Where is the DOI saved in a PDF? Only in the pdf-text?

Hi, most scientific contain a DOI number in the pdf text itself. Is this DOI normally also somewhere else (specific annotation field or something like that?) and can be extracted directly from there?

AFAICT there’s not meta data field for DOI in the PDF. It’s a bit difficult to say because most information I found on PDF metadata is quite general, but at least according to

there’s not special field for DOI. You might be able to extract the DOI from a PDF and add it to a user meta data field in DT, though.

most scientific

I would say that’s a broad generalization. I’d say many files don’t contain this data.

Do you have an example to inspect?

Localizing a DOI in an arbitrary document seems to be a fun exercise:

These are two different things:

  • I’d agree with the OP that most scientific articles nowadays do indeed have a DOI assigned (the quoted PDF is from 2015…)
  • which does not mean that the DOI is easily identifiable in the text/PDF itself nor that even is part of the document.

Agree…I still get PDFs of current journal articles that don’t have the DOI embedded or printed in the document, but it is getting rarer.

Where are you getting the PDF? The DOI, if there is one, is usually part of the citation/metadata on the journal’s download page, but may not be part of the metadata for the PDF itself.

Searching for “DOI” in the PDF’s text layer will find it, too.

One of the PDFs in my library puts doi in the subject tags.

Title: Low Prevalence of Lactase Persistence in Bronze Age Europe Indicates Ongoing Strong Selection over the Last 3,000 Years
Subject: Current Biology, Corrected proof. doi:10.1016/j.cub.2020.08.033
Author: Joachim Burger
Creator: Elsevier
Producer: Acrobat Distiller 8.1.0 (Windows)

but this is an uncommon practice. It’s not as if there’s a doi tag in the metadata.

Sure. But how do you find the DOI itself? Will it be everything up to the next space?


Smart rules & batch processing (see Digital Object Identifier placeholder) and AppleScript (see digital object identifier property) might be able to retrieve and use the DOI. E.g. this works for the doi_handout.pdf.
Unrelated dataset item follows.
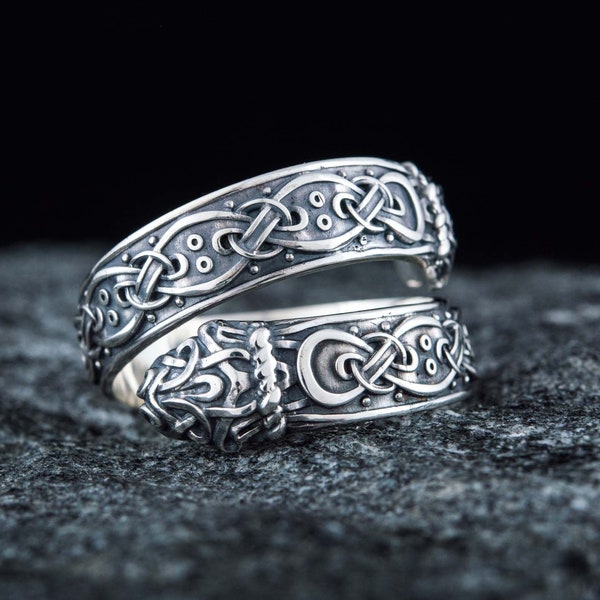 Bague serpent viking - Bijoux serpent anciens en argent avec ornements nordiques anciens Design Ouroboros fabriqué à la main inspiré du mythe nordique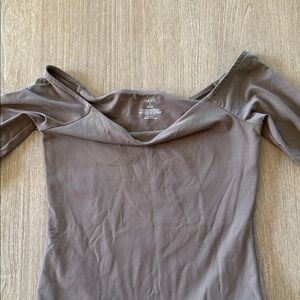 Nuuds Off-Shoulder Bodysuit - Taupe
This might be a bit off-topic, but still relevant if you would want to extract DOI automatically from any pdf: As I am working with Bookends and its somewhat awesome import-function I noticed two problems that might still be relevant for automatic processing in DT.

To explain the import-function briefly: If the paper/book etc. has a DOI, Bookends is able to grab that and fill in author/editor names, title, year, page numbers, journal etc. by itself. It then renames the file according to the rule I set up (i. e. from “9781529216097.pdf” to “williams2020.mapping good work.pdf”)

The problems:

  1. Sometimes there is a DOI, but it is not recognized due to the pdf itself. In the last days I had this problem mostly with articles from SAGE pub. If I would select the DOI in the text and copy it manually, it just spits out garbage. This is not a big problem, because the whole mentioned process would simply not happen and I end up with a reference that is titled: . Reference metadata not found online. Then I just manually type in the DOI.
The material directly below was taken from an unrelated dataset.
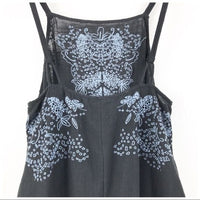 Tulum Cutwork Black Embroidered Slip Dress Size Medium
  2. Everything seems to be working fine, Bookends recognizes a DOI, finds the according metadata and processes the paper. But the end result is still garbage. Why? Bookends did not grab the DOI, but another one and finds the according metadata. This can also happen if the paper itself has no DOI, but a DOI from the reference list is grabbed. To be honest, this happens very rarely, but it happens. I am guessing this is also due to how the pdf itself is created (i. e. You highlight a passage and end up highlighting some other text at the other end of the page, too.)

Back to automating DOI in DT: Problem 1 could be easily solved, but you have to be aware of Problem 2. You could accidently end up with an incorrect reference and thus citation.


Welcome @maikbode
Thanks for the information and cautions. I’m sure this can can help people avoid some missteps.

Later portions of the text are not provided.